EXERCISE DIRECTIONS — Transcribe the whole listing below without changing a word, but leave out every image.

START GIVEN DATA

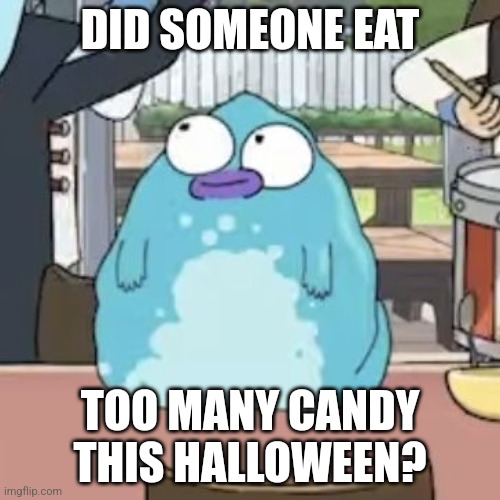 Candy Crushed | DID SOMEONE EAT; TOO MANY CANDY THIS HALLOWEEN? | image tagged in fat pupa,solar opposites,overweight,candy,candy crush,trick or treat | made w/ Imgflip meme maker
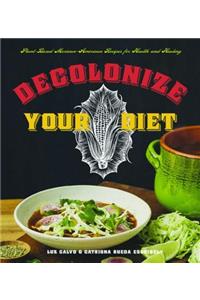 Decolonize Your Diet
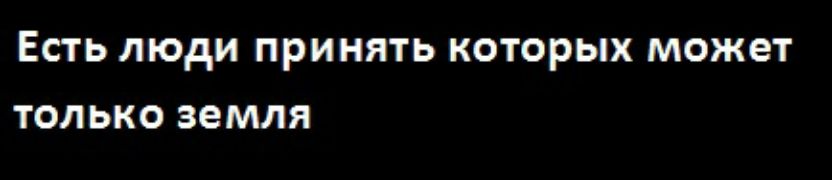 ЕСТЬ ЛЮДИ ПРИНЯТЬ КОТОРЫХ может ТОЛЬКО земля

END GIVEN DATA

TASK ANSWER —
 Candy Crushed | DID SOMEONE EAT; TOO MANY CANDY THIS HALLOWEEN? | image tagged in fat pupa,solar opposites,overweight,candy,candy crush,trick or treat | made w/ Imgflip meme maker
 Decolonize Your Diet
 ЕСТЬ ЛЮДИ ПРИНЯТЬ КОТОРЫХ может ТОЛЬКО земля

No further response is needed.